Black and White — Visually, My Memory of Us deserves some applause. The use of black and white paints you into the past while red is thrown in for other reasons. Red is used as a means to know what your objectives are or specific items that can be used. Besides being a game mechanic, it’s also symbolic. Characters that have red clothes often are laughed at or sought after by the enemy. Discrimination seems to be an underlying but “all too real” tone. When the girl is in red, she is not allowed in certain locations or will be attacked on sight. While the boy, not in red, can walk around freely. This not only adds to the puzzle aspect but moves the story along quite nicely.

Replaying chapters — A nice feature you can use is chapter select. You can even look at the collectible memories to see if you’ve missed any. This gives a small touch of replayability. The achievements are often tied to puzzles, and if you fail to obtain them then you can use chapter select to give it another try.

Puzzles — Within each chapter, there are a few puzzles. A lot of them have to do with switching between your characters and hitting buttons. They also have mini-game based ones where you’re not controlling any character. While still being somewhat challenging and thought-provoking, none of the puzzles require any type of guide. You can figure them out, yet they won’t be overly easy. There are all kinds of variation. There are a few that I thought were extremely intelligently designed. I really enjoyed all of them and felt good when they were solved.

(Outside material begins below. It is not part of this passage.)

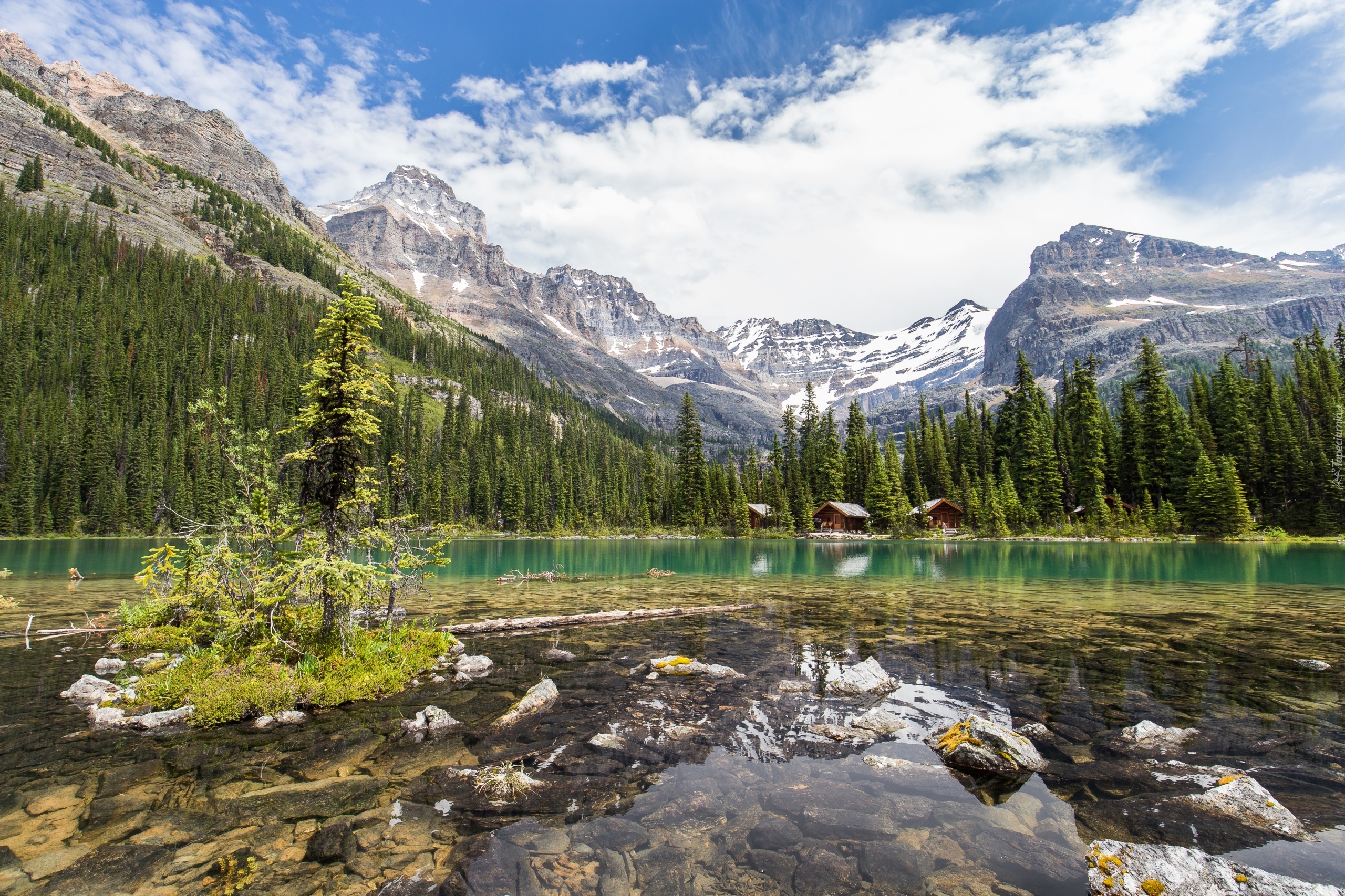 Kanada, Kolumbia Brytyjska, Góry Canadian Rockies, Park Narodowy Yoho, Jezioro Lake O’Hara, Kamienie, Świerki, Domki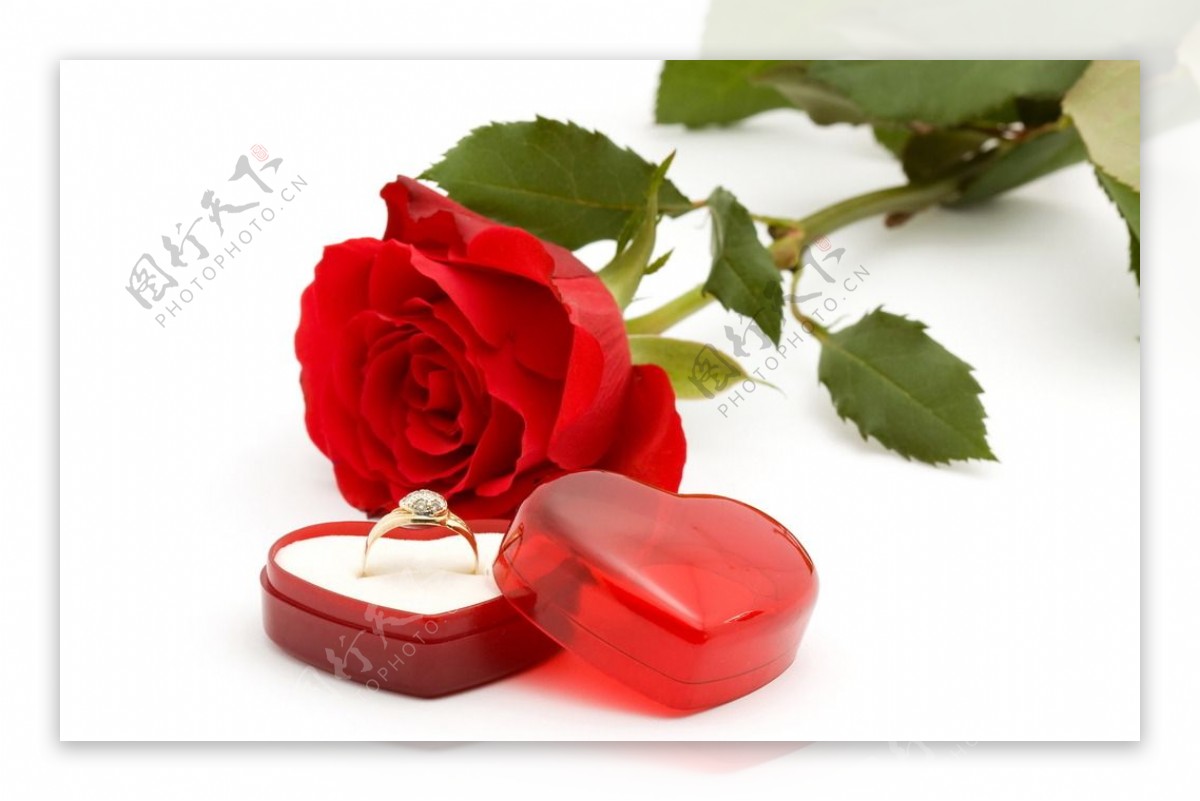 结婚戒指与红玫瑰图片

Soundtrack — Music in My Memory of Us is charming and in good taste. It was composed and produced by Patryk Scelina. I find it sounds like it could be in a major motion picture instead of an indie game. I rarely pay attention to most music in video games, but I found myself looking up the soundtrack to hear it without the distractions of the actual game. There are almost two hours of music!

Always something new — Progressing through the story, you won’t really have to do the same thing twice. There are several puzzles, and they’re all unique. Each stealth section even has something a little bit different. There are enough twists in the plot that change how you have to approach the chapters. They even have sections when you’re on a vehicle! It’s surprising that there were a couple of sections that you actually get to shoot things. From the beginning to the end, you will always be doing something you haven’t before.

Here’s what I didn’t like

Aiming — Both the boy and the girl each have a tool they must aim with to use. The girl can use a slingshot, which is great for hitting buttons and knocking certain objects down. It’s extremely slow as you move the angle of projection. The higher you go, the slower it goes as well. This doesn’t really add any challenge; it’s just downright annoying. The boy can use a mirror, but this kid must have had too much caffeine. The cursor stutters around like it’s having a seizure. Again, this doesn’t add any challenge to doing it; it’s just there for no reason. There could have been additional puzzles where you had to aim and time things faster. Instead, we’re left with a confusing addition to an otherwise excellent game.

Character Switching — I couldn’t find many flaws, but I felt the character swapping didn’t feel fluid. Having the RB button as the method to switch didn’t feel natural. I often hit the opposite button because the character to the left was the one I wanted to switch to. As far as movement, I always wanted to be the girl because she could run. The boy gave a sluggish feeling to the game. When both characters are needed to move an object, it often was a mess as well.


A beautifully drawn and narrated story proves there are still many hidden gems out there we often don’t notice. The game’s presentation is like a kid’s book that came to life, and you get to control the heroes, which is a stark contract in some ways to the deep nature of the plot. The story is based as a loose allegory for World War II. They obviously made a lot of changes, such as the robotic enemies; however, they handled an incredibly complex and dark theme well. I am very glad I got the opportunity to experience it. I had no clue what the game was when I fired it up on my Xbox. It was a pleasant surprise, and I hope more people get the chance to play and appreciate this work of art.

Score: Must Buy

My Memory of Us was published IMGN Pro and developed by Juggler Games / Crunching Koalas on Xbox One. It was released on October 10, 2018 for $19.99. A copy was provided by the publisher for review purposes.